De modo que europeus e asiáticos vêm companhias dos EUA a despejarem cada vez mais dólares para dentro das suas economias, não só para comprarem as suas exportações sem lhes proporcionar bens e serviços em retorno, e não só para comprarem as suas companhias e "postos de comando" de empresas públicas privatizadas sem lhes dar o direito recíproco de comprar companhias importantes nos EUA (recordar que os EUA rejeitaram a tentativa da China de comprar negócios de distribuição de petróleo nos EUA), e não só para comprar acções, títulos e imobiliário estrangeiro. Os media dos EUA de certa forma esquecem de mencionar que o governo estado-unidense está a gastar centenas de milhares de milhões de dólares no exterior não só no Médio Oriente no combate directo, mas também para construir enormes bases militares a fim de cercar o resto do mundo, para instalar sistemas de radar, sistemas de mísseis guiados e outras formas de coerção militar, incluindo as "revoluções coloridas" que tem sido financiadas e ainda o são em torno da antiga União Soviética. Paletes de notas de US$100 envolvidas em plástico, cada uma das quais soma dezenas de milhões de dólares, tornaram-se imagens familiares em algumas emissões de TV, mas não se faz a ligação com os gastos militares e diplomáticos dos EUA e com os haveres em dólares de bancos centrais estrangeiros, os quais são relatados simplesmente como a "maravilhosa fé da recuperação económica dos EUA" e presumivelmente na "mágica monetária" que está a ser montada no Tesouro por Tim Geithner da Wall Street e pelo Helicóptero Ben Bernake no Federal Reserve.
Aqui está o problema: A companhia Coca-Cola recentemente tentou comprar o maior produtor e distribuidor de sumo de frutas da China. A China já possui aproximadamente US$2 milhões de milhões (trillion) em títulos dos EUA a mais do que precisa ou pode utilizar, visto que o Governo dos Estados Unidos recusa-se a deixá-la que compre companhias significativas nos EUA. Se a compra estado-unidense tivesse sido permitida, isto teria confrontado a China com um dilema: A Opção 1 seria deixar a venda consumar-se e aceitar pagamento em dólares, reinvestindo-os no que o Tesouro dos EUA lhes diz, em títulos do Tesouro que rendem cerca de 1%. A China assumiria uma perda capital sobre isto quando as taxas de juros dos EUA ascendessem ou quando o dólar declinasse pois os Estados Unidos estão insistindo isoladamente em políticas expansionistas keynesianas numa tentativa de permitir às companhias dos EUA que arquem com o seu fardo de dívidas.
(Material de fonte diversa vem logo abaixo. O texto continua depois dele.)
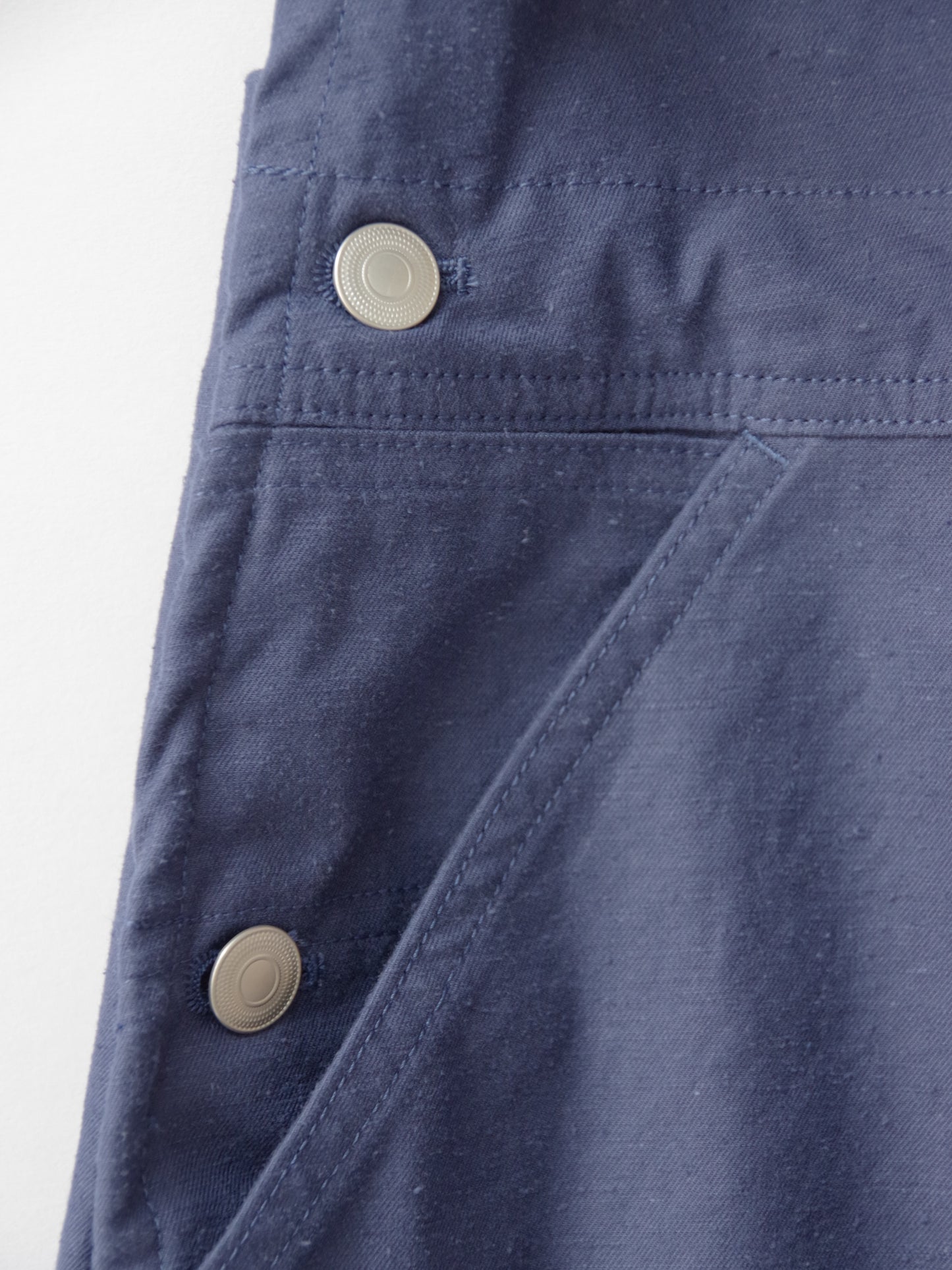 Organic Cotton Nepped Back Twill  オーバーオール(2color) | OUVERT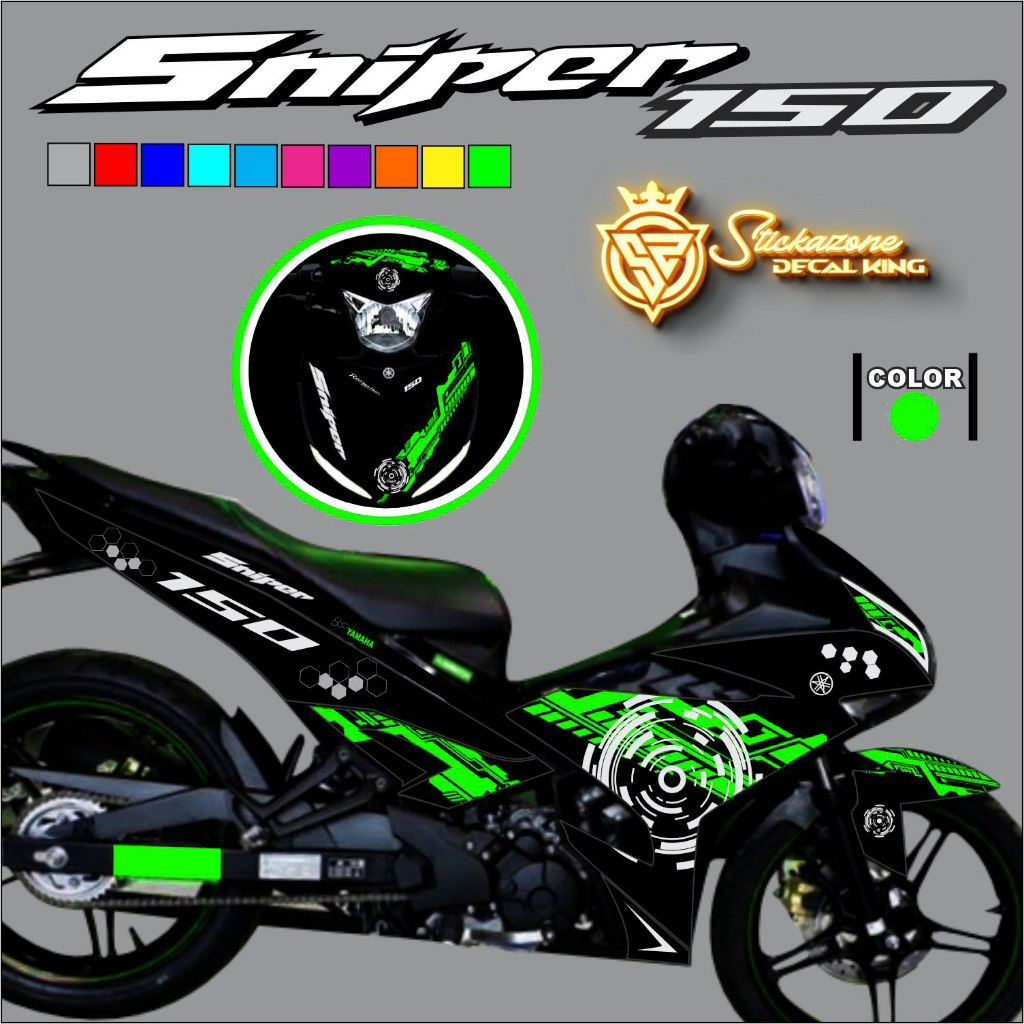 YAMAHA SNIPER 150 V1 CIRCUIT DESIGN FULL STICKER DECAL PRINTED LAMINATED STICKAZONE Shopee Philippines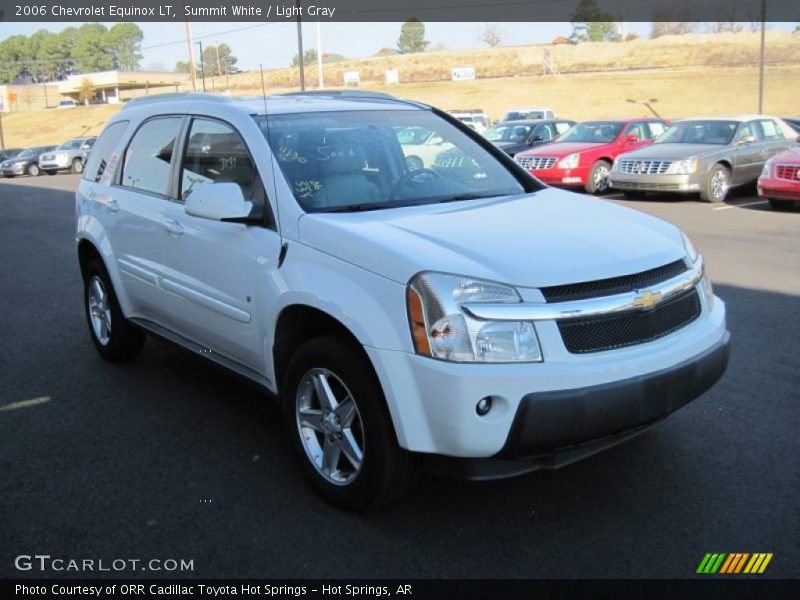 Summit White / Light Gray 2006 Chevrolet Equinox LT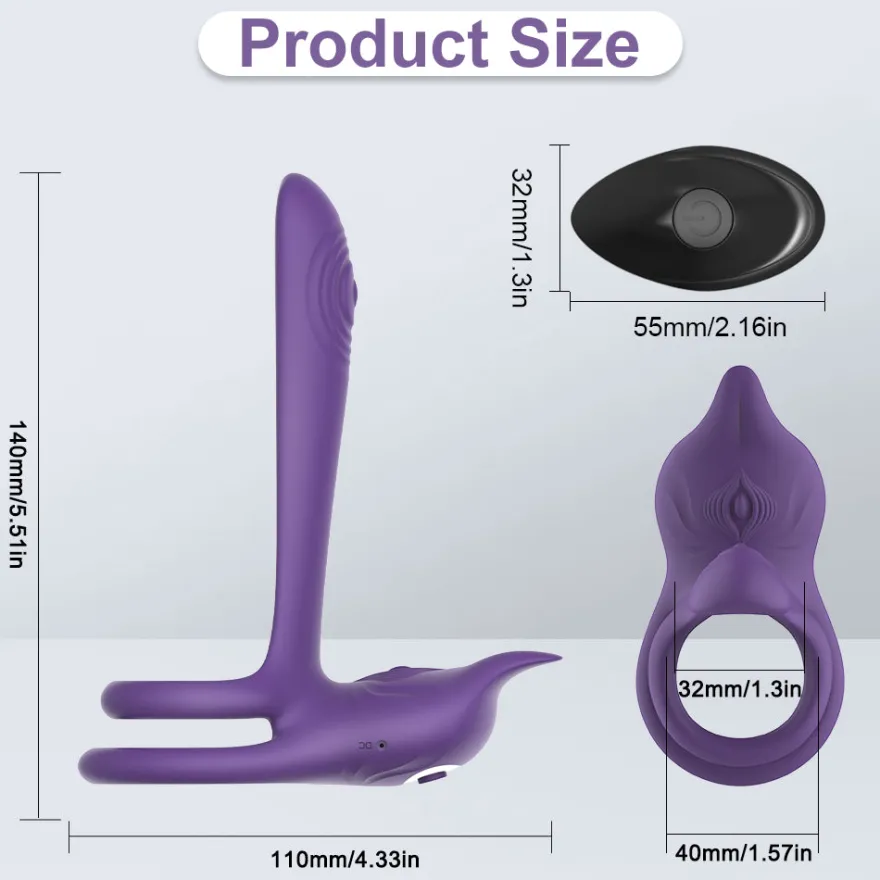 Cock Penis Hoden Ring App Remote GM-274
A Opção 2 é não reciclar os influxos de dólares. Isto levaria o renminbi a subir em relação ao dólar, desgastando dessa forma a competitividade das exportações chinesas nos mercados mundiais. Assim, a China optou por um terceiro caminho, o qual provocou protestos dos EUA. Ela descartou a venda da sua companhia tangível por simples dólares "de papel" os quais combinavam-se com a "opção" de mais uma vez financiar o cerco militar dos EUA aos países da Organização de Cooperação de Shangai (SCO). As únicas pessoas que parecem não estar a perceber isto são os mass media americanos e portanto o público. Posso assegurar a partir de experiência pessoal que isto é percebido aqui na Europa. (Eis uma boa questão diplomática a discutir: Qual será o primeiro país europeu além da Rússia a aderir ao SCO?)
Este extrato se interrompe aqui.